An exact copy of all the data below is needed, without its pictures.
___ Data supplied
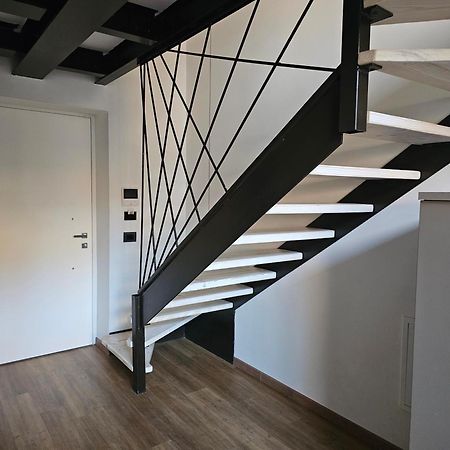Mezzago Royal Suites Exterior photo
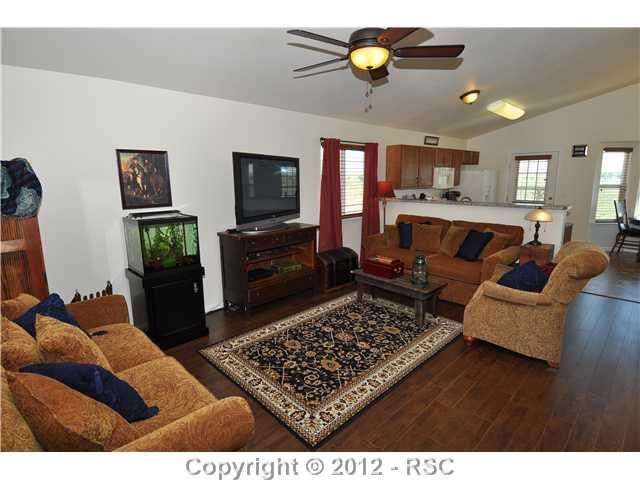 7405 Sun Prairie Dr, Colorado Springs, CO 80925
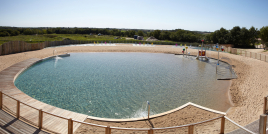 piscine sur-mesure fond de sable bassins extérieurs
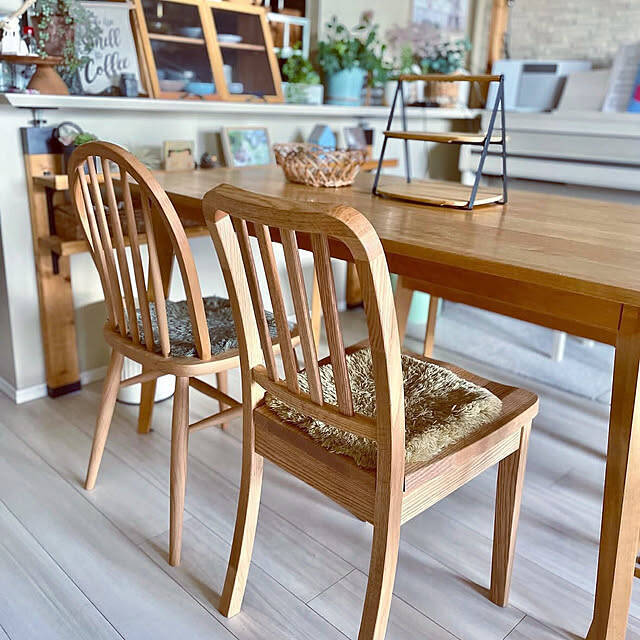 木材の経年変化を楽しめる！シンプルで洗練されたモモナチュラルの家具6選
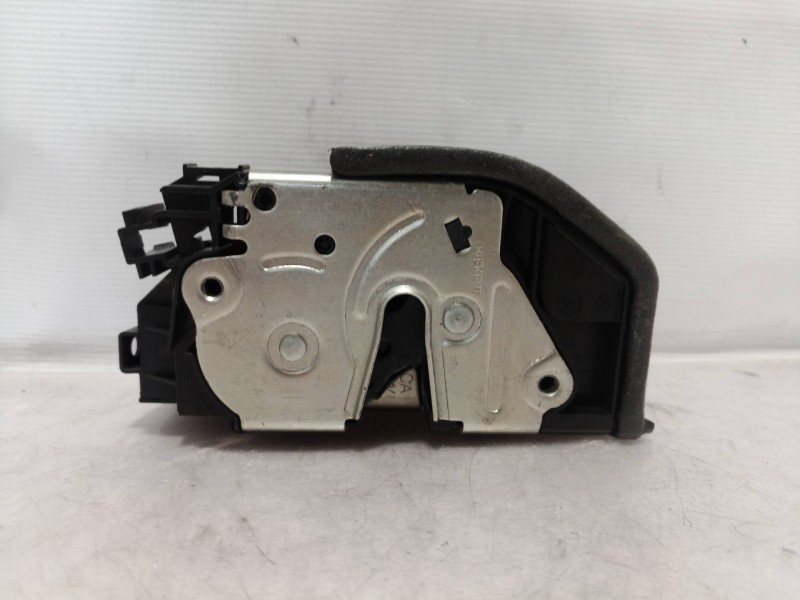 Recambio de cerradura puerta trasera izquierda para bmw serie 5 berlina (e60) 530d referencia OEM IAM 7202147 7202147 7202147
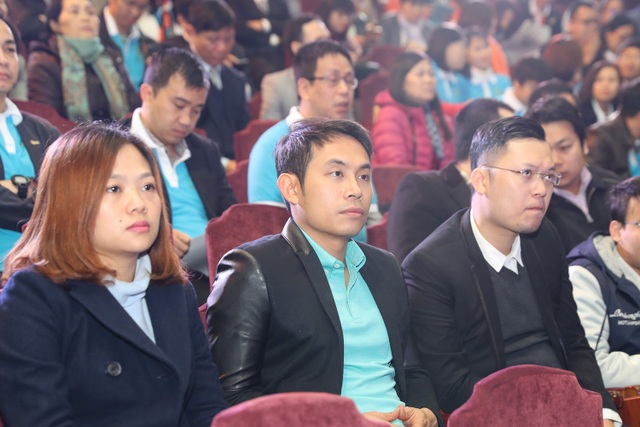 Hệ đào tạo cử nhân khoa học tài năng: Bệ phóng của những tài năng - 2
Cựu sinh viên hệ cử nhân tài năng về dự buổi lễ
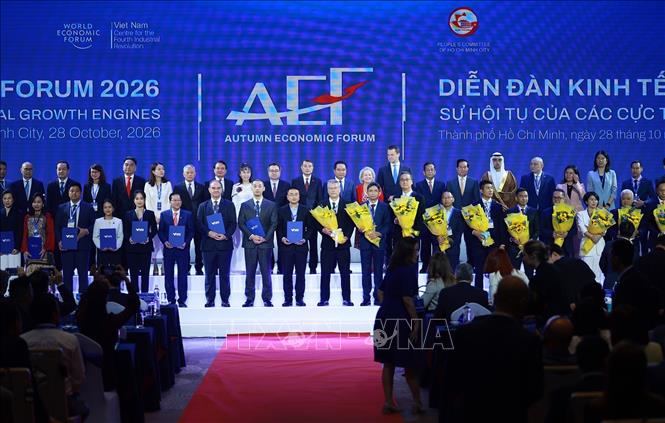 Thủ tướng Lê Minh Hưng với các đại biểu tham dự Diễn đàn Kinh tế Mùa thu 2026 (AEF 2026). Ảnh: Dương Giang – TTXVN
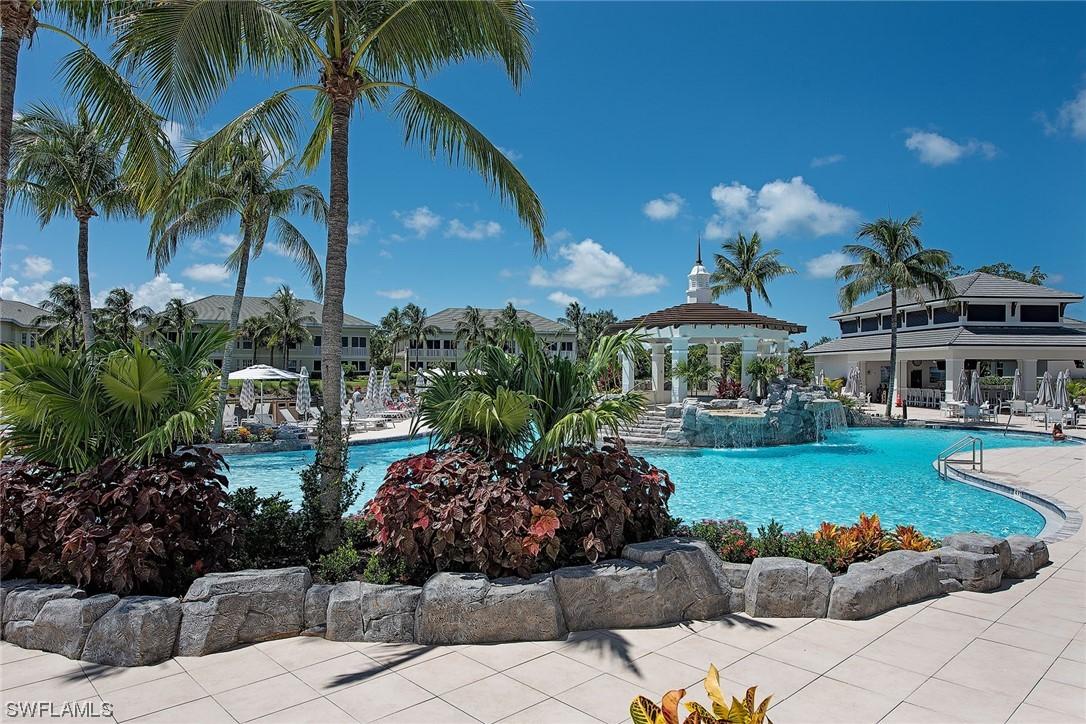 405 Sea Grove Ln. #9-102, Naples, FL 34110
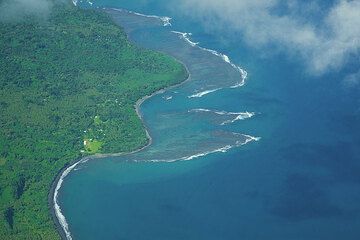 Südküste von Epi und Korallenriffe aus der Luft (Photo: Tom Pfeiffer)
______
▶ Written response
Mezzago Royal Suites Exterior photo
 7405 Sun Prairie Dr, Colorado Springs, CO 80925
 piscine sur-mesure fond de sable bassins extérieurs
 木材の経年変化を楽しめる！シンプルで洗練されたモモナチュラルの家具6選
 Recambio de cerradura puerta trasera izquierda para bmw serie 5 berlina (e60) 530d referencia OEM IAM 7202147 7202147 7202147
 Hệ đào tạo cử nhân khoa học tài năng: Bệ phóng của những tài năng - 2
Cựu sinh viên hệ cử nhân tài năng về dự buổi lễ
 Thủ tướng Lê Minh Hưng với các đại biểu tham dự Diễn đàn Kinh tế Mùa thu 2026 (AEF 2026). Ảnh: Dương Giang – TTXVN
 405 Sea Grove Ln. #9-102, Naples, FL 34110
 Südküste von Epi und Korallenriffe aus der Luft (Photo: Tom Pfeiffer)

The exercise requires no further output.